GitOps is a term that has become very popular in the last few years and is easily on its way to becoming just as overloaded with myth and mystery as DevOps. Some definitions of GitOps describe it as a mechanism for delivering and maintaining the infrastructure on which Kubernetes applications run. Other definitions include the infrastructure focus, and augment it with the definition of a business application that has been created for the platform. In this series of articles, we will present the principles and practices of GitOps, explaining the why and how of the automated processes that aim to deliver secure, high-quality, microservice-based applications quickly and efficiently.

The objectives and benefits of a GitOps approach are easy to see. By storing the definition of the required infrastructure, and/or application configuration, in a Git repository, teams have everything required to deploy the application in a structured and secure storage. If the application needs to be redeployed to a new location, for reasons of disaster recovery or for resilience, then it is possible to do that with both ease and confidence. Additionally, the GitOps model will help organizations to progress applications through various testing phases on the way to production. This process necessitates the deployment of an application to different clusters, or different namespaces within a cluster, and the GitOps model ensures that this can be done completely, reliably, and with confidence.

There is a clear distinction between the two domains of infrastructure and applications, with different teams of an organization responsible for each area. Infrastructure configuration takes care of the definition and delivery of the Kubernetes platform, in terms of the compute nodes, operators, role-based access control, governance policies, and many other attributes that create a platform on which applications can run. Applications can be segmented into the source code components that are compiled to an executable within a container image and the Kubernetes resources that configure the container images within a specific environment.

The guiding principles of GitOps are simple to articulate:

  • A single source of the truth shall be maintained in the Git repository.
  • Automation will be used to apply any changes committed to the Git repository.
  • Any manual changes to an environment will be reverted automatically.

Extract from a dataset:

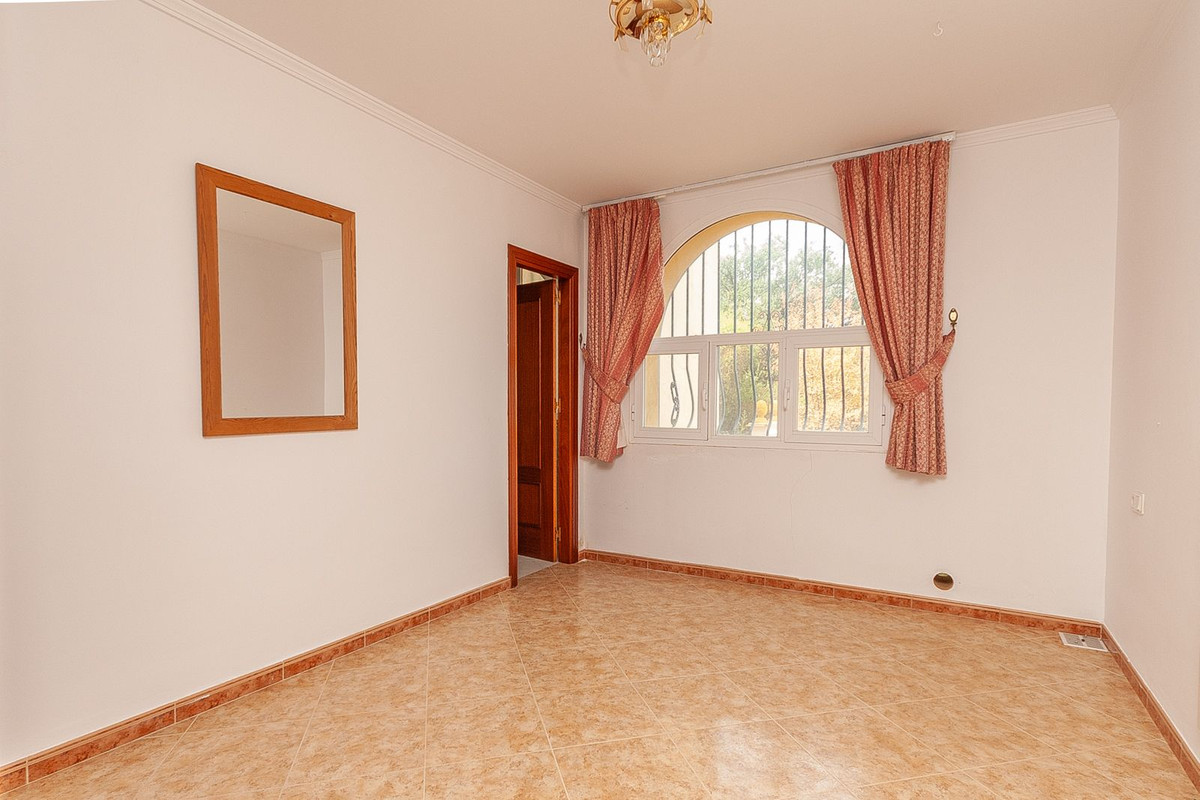 Property main view 43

There are many more core tenants to a GitOps approach underpinned by the cultural and technical principles of DevOps. So while there is probably no right and wrong answer to "What is GitOps,'' the answer probably lies somewhere within the automation that delivers value and a working practice that allows change to be recorded, propagated, and rewound as required within an organization.

In simple terms GitOps is the process of defining the single source of the truth for an application configuration in a Git repository. If teams wish to make changes to the configuration of an application, then they simply modify the files in the appropriate Git repository and sit back for the automation process to update the application. Extensions to this process can involve the use of external ticketing systems and pull requests in the Git repository to ensure that only approved and appropriate changes are propagated to production environments.

Source Code Management

There are many source code management systems available, but as the name suggests, Git is at the heart of a GitOps approach. Any source code management system that provides a Git type interface can be used, and for the remainder of this document, any reference to Git will assume GitHub, since that is what is used for development and testing of the content in this article.

The interaction of the source code management system with the GitOps model is based on the following criteria:

1: The ability of the source code management system to trigger external processes when specific actions are performed within it. For example, a commit of new source code to a specific branch may cause an application build to begin. The build process will start by cloning the latest version of the source code from the relevant branch. Alternatively a merge operation may trigger a build process to begin. These are examples of “push” triggered actions in which a change to the source code management system causes an external event. When such trigger events occur, a specific URL is sent a webhook payload of data about the event. The push model is shown in figure 1, with a ‘git push’ action from the user. Note that other Git actions could be used such as pull-request creation.

Figure 1 : Git push model



2: The ability of the automated deployment solution to monitor the source code management system to identify new commits. This will allow actions to be triggered in a “pull” mode in which an external entity takes a decision to perform an action after observing a change in the Git content. There is no payload content included within the pull model directly, and the external system must request any information that it needs.

Figure 2: External system watching the Git repository for a new commit

The pull and push based trigger operations will be used for different aspects of the GitOps model.

The automation technology behind GitOps

To facilitate the pull and push models above, teams require automated software solutions. The open source solutions that are included in a Red Hat OpenShift subscription, and that are fully supported by Red Hat, are described below:

Red Hat OpenShift Pipelines (Tekton)

Red Hat delivers a supported and integrated implementation of the Tekton open source project as OpenShift Pipelines. This provides a complete, continuous integration process capable of performing software builds, container image creation, container image management, testing operations, and security scanning with a variety of testing and validation solutions. OpenShift Pipelines operates by executing commands within container images that perform discrete steps of a pipeline process. Any command line utility that can be hosted within a container image can be used. Tekton Triggers can be used to respond to webhook requests from GitHub so that the Tekton pipeline can be executed as a result of an action in GitHub (or other source code management solution).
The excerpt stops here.